Notably, in the 1860 census Alpheus is listed with a 7-month-old baby girl named Sallie Dunnigan, born in California. From the fact that no wife is listed with Alpheus and Sallie, we may suppose that he had been married, but Sallie’s mother perhaps died in childbirth. Within a year or two, Charlotte married Alpheus.
Charlotte and Alpheus did not get a chance to enjoy a long marriage together, for Alpheus was mustered into the 108th Illinois Infantry, Company K, in Aug. 1862, to serve in the Union Army during the Civil War. During his tour of duty, Alpheus fell sick at Young’s Point, Louisiana, and died Feb. 8, 1863, leaving Charlotte a widow. She never remarried. Charlotte had been a widow for almost four years when she was chosen to serve as the Ladies’ Library Association’s first president.
In the U.S. Census returns of July 7, 1870, Charlotte is shown living in Pekin in the home of her brother Murray and his wife Mary. Sallie is not listed with her, evidently having died between the 1860 and 1870 censuses, perhaps even before her father married Charlotte. Our last record of Charlotte is the U.S. Census of June 19, 1880, when she and her younger sister Annie Hughes were recorded with their widowed mother Sarah Haines, the three living together in a house in San Jose, Illinois. Charlotte died around 1886, according to an Ancestry.com family tree.
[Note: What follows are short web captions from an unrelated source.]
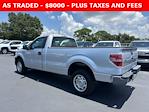 2013 Ford F-150 Regular Cab 4x2 Pickup for sale #13772WWW - photo 5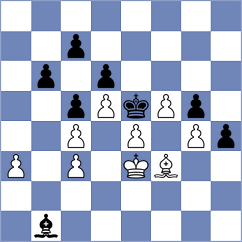 Piddubna - Goswami (chess.com INT, 2024)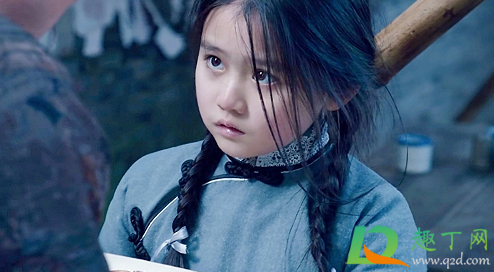 瞄准小雪的亲生父亲是池铁城吗(瞄准电视剧池铁城与小雪相认了吗)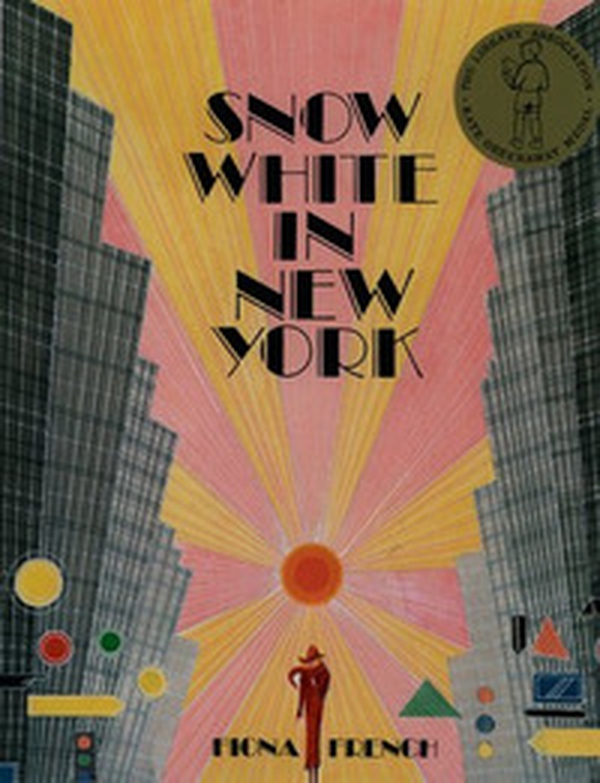 Snow white in New York - Librerie.coop Snow white in New York - Librerie.coop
In comparison to Mrs. Charlotte Dunnigan, not very much is known about Pekin’s first librarian William S. Prince. He appears in the U.S. Census returns dated Oct. 15, 1850, as “William Prince,” 11, born in Pennsylvania, being enumerated along with “Maria Prince,” 7, born in Pennsylvania (evidently William’s younger sister), both of them living in the household of Catesby and Fanny Gill in Tazewell County. From this, we know William Prince was born circa 1839 in Pennsylvania.
William next appears on record in June 1863 when he registered for Union Army’s Civil War draft. The draft register has two entries, both of which seem to be William: “Prince William S.,” 23, white, Clerk, single, born in Illinois, living in Washington, Ill., and a second time as “Prince William S.,” 23, white, Clerk, single, born in Illinois, living in Atlanta, Ill.
Although these entries say he was born in Illinois rather than Pennsylvania, they certainly are entries of our William S. Prince, who apparently was not sure where he was born. Note that in the 1850 census he was not living with his parents, who presumably had died, leaving him and Maria as orphans who were then raised by the Gills. It is unknown whether the Gills were related to the Princes.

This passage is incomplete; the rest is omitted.